Last night I had Oysters Rockefeller. It was accompanied by green beans, a baked tomato and finger potatoes. Preceding that was chicken noodle soup and a salad of baby spinach, walnuts, goat cheese and dried cranberries. Dessert followed. This was dinner at the retirement home – not mine, my father’s.

 

The food was slightly better than usual because it was Birthday Night, the once-a-month event that celebrates all those born in that month. But even on regular nights, the meals are of high quality. Overall, the place is well-maintained, very clean and well-functioning. The staff is attentive and friendly.

 

Sitting in the dining hall, however, I realized my father was unlike nearly all the other people. He was of a different class. Even in old age, maybe especially in old age, this kind of thing comes through.

 

“Hey,” a man who had the look of a retired corporate executive shouted across several tables at my father when he was a newcomer. “You’ve got a hat on.

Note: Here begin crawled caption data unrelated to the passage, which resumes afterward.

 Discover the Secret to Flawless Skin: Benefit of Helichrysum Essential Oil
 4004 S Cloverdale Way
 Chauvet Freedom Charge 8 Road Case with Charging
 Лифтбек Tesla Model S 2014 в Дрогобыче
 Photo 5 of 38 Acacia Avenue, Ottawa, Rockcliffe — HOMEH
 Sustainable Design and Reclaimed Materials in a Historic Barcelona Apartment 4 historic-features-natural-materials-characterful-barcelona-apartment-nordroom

Take off your hat!”

 

My father is bald and wears a hat to keep his head warm. He explained this to the man yelling at him and declined the directive to remove it. I don’t think the two have spoken since.

 

Dad has his friends at the home. All the Italians, plus the open, gregarious people who don’t think too much of themselves. Still, I’m certain few share his background.

 

european-immigrants-disembarking-everett

My father was born to immigrant parents. He worked in factories, served in World War II and afterward took a job with the United States Postal Service. He never made much money but late in life was approved for a 100 percent veterans disability pension (loss of hearing in one ear during the war). This was a boost to his income at a time when his expenses were low. Actually, he never did spend much money, but with this second pension he was able to save even more. He invested mostly in CDs and government bonds when inflation and interest rates were in double digits, and made good money when he sold a house originally purchased for $15,000.

 

So, unlike a lot of working men, this working man was able to afford a berth in a rather nice retirement home. By doing that, he has to put up with the kind of people who may have had servants and commanded a realm.

 

“I wouldn’t sit there,” a thin, small, patrician-looking woman told me on Birthday Night. I was trying to sit down with my father at “her” table. “Mildred will be coming soon and that’s where she sits.”

 

We sat anyway. The hostess had  placed us there, advising that Mildred would be seated at another table, and so the suggestion was ignored.

 

But it did not stop there.

 

When I asked my father what he was going to order, I spoke somewhat loudly into his hearing-aid assisted “good” ear.

 

“Please lower your voice, ,” the woman told me.

 

“I need to speak loud enough for him to hear,” I said.

 

“He can hear you,” she said dismissively. “And Mildred will be coming soon.”

 

When she spoke again of Mildred coming, I was tempted to call her an old bat. Before I could, the hostess came over and said, “If you are uncomfortable here, I can seat you at a different table.”

 

I took her up on that.

Walker

Officially, there are no assigned seats at this particular home.  But so many residents insist on sitting at the same place all the time, and with the same people, that things can get nasty. It could just be that old people are nasty, yet I sense past lives of entitlement influencing the forcefulness of these individuals. Most are dressed fairly well as they push their walkers about. Many women get their hair done regularly and accessorize with jewelry. My father, meanwhile, doesn’t care much about his appearance.

 

Overall, the class distinction here comes down to look and attitude, since there isn’t a lot of spending and few extra possessions. There’s a haughtiness in at least a strong minority of the residents. In some cases, it’s mean arrogance.

 

One night I brought my father back to the home after dinner at my house.

 

“It’s not quite seven,” I said. “You can get in on tonight’s poker game.”

 

He didn’t answer right away, then said, “I’m never going to play poker here again.” His face was full of hurt.

 

“Oh no,” I said. “What happened?”

 

“Four of us were playing in the game room. Nickle and dime. Everything was fine. Then I won four hands in a row and this guy, a very bitter man who always seems to be in a bad mood, says in a loud voice, ‘I’m not going to play with a cheater.’ He was referring to me.”

Minolta DSC

“What?” I had this ridiculous image of arthritic hands trying to deal a second, with cards flying everywhere.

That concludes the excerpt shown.